Volume 661: debated on Wednesday 12 June 2019

The female employment rate of 72% is a record high. The industrial strategy is transforming our economy, ensuring that everyone can access, and progress at, work. We have a range of parental and other leave entitlements, and we are working with businesses to promote flexible working. We will invest £3.5 billion in early education this year, making childcare more accessible.

We have record numbers of women in work, but more than 50,000 women a year feel they have no choice but to leave their jobs simply because they are pregnant. Will the Minister look carefully at my ten-minute rule Bill, which is a way to try to provide proper protection for pregnant women, so more of them can stay on in work when they are pregnant and continue to work when they have young children?

I commend my right hon. Friend for her passion, and for her work as Chair of the Select Committee and her ten-minute rule Bill. As she will know, we recently conducted a consultation on maternity and pregnancy discrimination in the workplace, which finished at the beginning of April. We are currently reviewing more than 600 responses, and we hope to publish the results as soon as possible.

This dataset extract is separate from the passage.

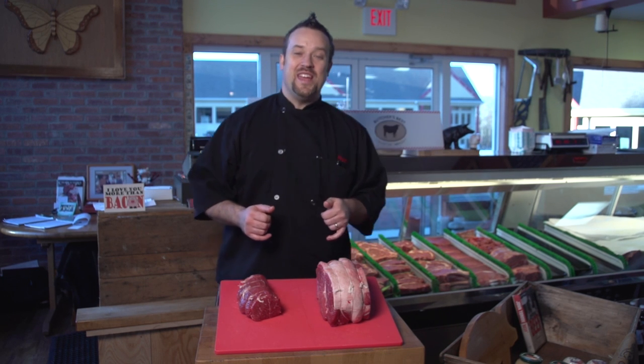Hey guys, Chef Plum back with you here at Butcher's Best Country Market in Newtown, Connecticut, and we're going to talk to you a little bit today about a sirloin tip roast.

11. I am very keen on women—[Laughter]—in good jobs, because I have a wife, three daughters and five granddaughters, but may I urge the Minister to pay more attention to getting women into management training? Women indisputably make better managers than men, so let us have more of them training as managers in order to reach the top levels of management in our country. (911304)

I thank the hon. Gentleman for highlighting that issue. I am proud to be a Minister sitting on the Front Bench among many other females: that just shows that women can do it. One of our priorities has been getting women on boards, and we are on track to reach our target of 33%, but it is crucial that we feed into the pipeline and get women into those executive positions. Hopefully, some of us in the House will be good models for them.

The huge success of the Conservative approach to apprenticeships has enabled many women to secure well-paid jobs in manufacturing. Will my hon. Friend join me in commending the work of companies such as Jaguar Land Rover, which trains equal numbers of men and women as engineering apprentices, despite the challenges that they face?

I strongly commend the work of organisations such as JLR. In my constituency, BAE Systems has high-level apprenticeships for women engineers, which is great. We need more women in higher executive roles, and an apprenticeship system is one of the great vehicles that we can use to achieve that.

As was pointed out by the right hon. Member for Basingstoke (Mrs Miller), 54,000 women lose their jobs each year because of maternity discrimination. The Women and Equalities Committee has long recommended an increase in the employment tribunal time limit for maternity discrimination claims from three to six months to break down some of the barriers. Why have the Government not implemented that?

The hon. Lady will know that the consultation, which finished in April, dealt with that very issue. However, we also sought views on the position of parents who have been on adoption leave or shared parental leave and are returning to work. As I have said, we are looking through the 600 responses to the consultation and are keen to publish the results as soon as possible. Let me emphasise, however, that the law is clear: discrimination against pregnant women coming back from maternity leave is unlawful.